手がかりとなるもの
性行為中だった二人の着替えが終わり、全員乃蒼の家のリビングにあるソファーに座りました。
私は昨晩遭った出来事をリュウと乃蒼の二人に話しました。ノートパソコンで通信した所、蛇島からチャット連絡が入り、ノートパソコンの電源を切り、警察署に持って行こうとした所、途上で事故に遭ってしまった。修治が相手に攻撃した結果、蛇島の血液が事故現場で出た事・・・・・。
二人は驚いていました。
リュウ「ちょっと待て・・・早川が?・・・・」
修治「あぁ、そうだ」
柴田「俺達は蛇島に狙われている。修治の家の位置はもう蛇島にバレてしまった」
乃蒼「修治戻るとこないじゃん?」
修治「そうだ、だから今日から俺はホテル暮らしだ」
柴田「蛇島は逃げた俺達の居場所を探してる」
リュウ「そのさっきの警察の見立てだと、修治の家から車で大体15分以内の所に居るんだろ?この辺も動き回ったらいずれ俺達も・・・・」
柴田「そういうことになる。だからここから出る時も、お前が自分の家に帰宅する時も、一人で居る時も充分身の回りに気を付けて欲しい。」
私はここで修治の弟のノートを二人に見せました。
乃蒼「何?このノート・・・・・ボロボロ・・・・・・」
柴田「修治の家から出た手がかり、持ち出せたのは唯一これだけだ」
修治「ノートパソコンも柴田のトートバッグも蛇島に奪われた。ハードディスクも故障している。」
乃蒼がパラパラと開きます。
リュウ「このノートに、蛇島の手がかりが?・・・・・」
柴田「ある・・・・・かもしれない・・・・・それを二人にまず見極めて貰いたいんだ」
私は、ノートの中のある1ページを二人に見せました。
何かのメモなのか、なんなのか分からない言葉が羅列されたページでした。
修治「弟は・・・・一体何をしたかったんだろうな・・・・。

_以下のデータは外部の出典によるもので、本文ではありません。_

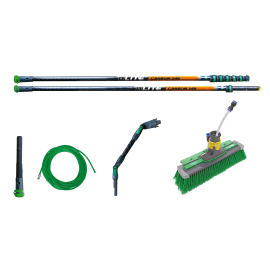 Kit de nettoyage vitrerie CARBON 24K nLITE® avec manche télescopique 11,80m Unger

精神的に追い込まれてこんな字体になってるんだろうか・・・・」
確かに色々な単語がそこには書かれていました。
その中でもこの字・・・・この文・・・・私は見た事があるのです。
柴田「この・・・・・・『クセ字』見たこと無いか?」
私は修治の家でこのノートを見つけた時、私の中で異様な違和感を感じたのです。この文章の中で唯一全く違う文字が・・・違う人が書いたと思われる字がそこにはあったのです。先程の乃蒼のようにパラパラとページを捲って、大体弟が書く字体は把握する事が出来ました。当時精神的に病んでいたとはいえ、ベースの彼の筆跡はさほど変わっていないのです。圧倒的にこの文字だけは絶対に弟が書いたものではない、それに気づいたのです。家を出るまでのほんの短時間でこれに気付いたのは奇跡としか言いようが無いのですが、私が今自信を持って胸を張って「これは違う」と言えるものはたった一つ、これだけだったんです。
乃蒼「んー?・・・・・見たことあるような無いような・・・・・」
リュウ「これ・・・あぁ少し丸文字なのか・・・言われてみたら、他の字体と違うな・・・・。でも柴田お前・・・こんなのよく気付いたな・・・・・・」
修治は思った通り、腕を組んだままで、全く分かっていない様子でした。
イメージを共有しないといけないのですが、リュウも乃蒼も案が出ないまま、時間だけが過ぎていきます。